As mentioned in the Overall Assessment of the CRS Evaluation Report—and we fully concur with the statement—“CDA is a critical program for the CAF, delivering essential common IT&E and PD for members as well as providing a key functional authority role.” We believe, however, that the following summary statement does not necessarily identify the nature of these challenges: “Resourcing and structural issues have limited the ability of the CDA program to address several significant challenges.” For example, while we agree that there is a requirement for an additional strategic investment in military person years, we note that limiting the change to an internal re-allocation is not a sufficient option. Nevertheless, our commitment to monitor and appropriately adjust resource allocations remains in effect, as illustrated in FY 2013/14 when the Commander rebalanced internal military resources to reduce risks within the formation and invested 13 such military positions into the Conduct after Capture Centre.
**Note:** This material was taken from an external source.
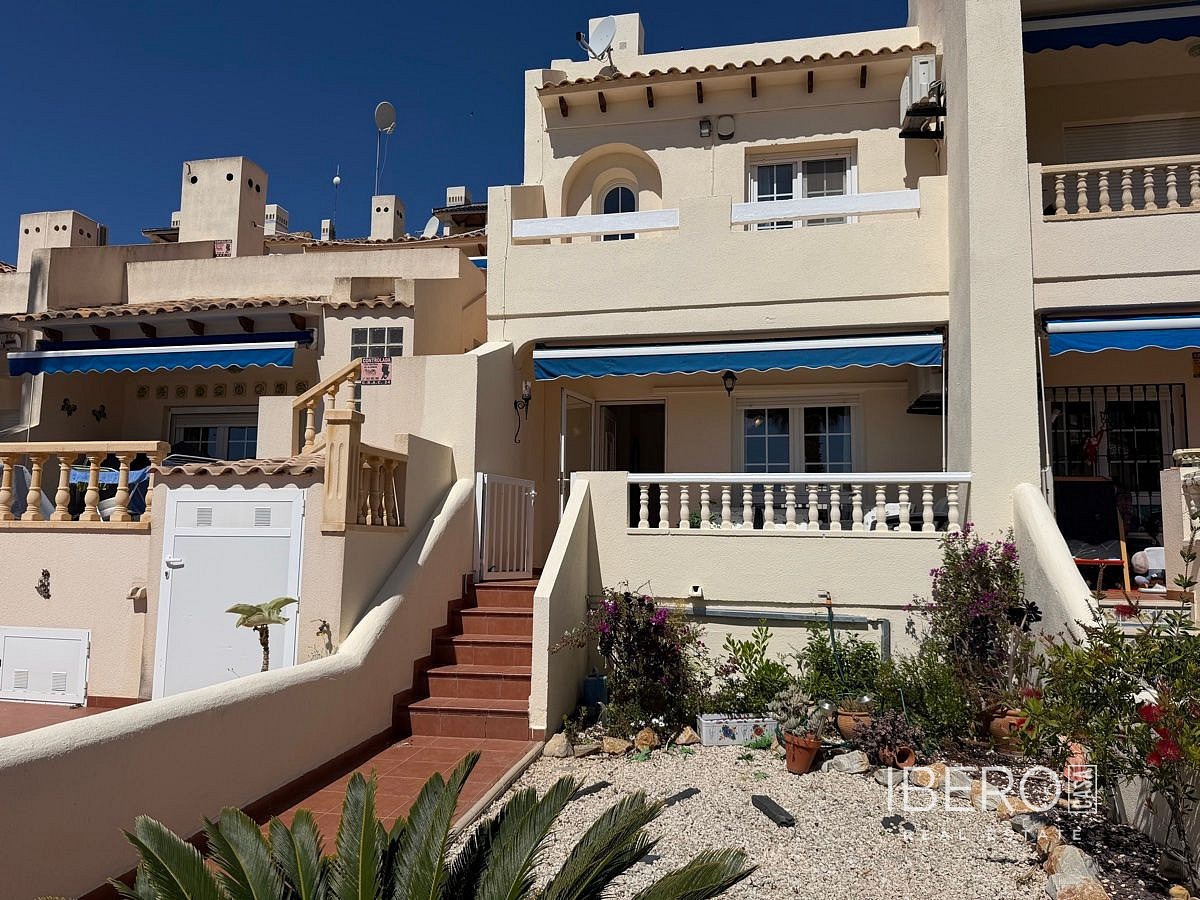 Prodej domu 100 m² s pozemkem 115 m²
The Overall Assessment ends with this statement: “Going forward the CDA program needs to reinforce timelines and plans to ensure that priorities are met and projects are implemented.” Our main point of effort is to ensure that such effectiveness, and significant strides, are being taken to improve our management reporting systems, such that the formation becomes better able to demonstrate improved effectiveness, efficiencies, and economies (“the 3 Es”). Initiatives include the development of a costing model for IT&E modernization, improved performance management (metrics and reporting), and a focus on updating and adhering to the validation cycle in CFITES.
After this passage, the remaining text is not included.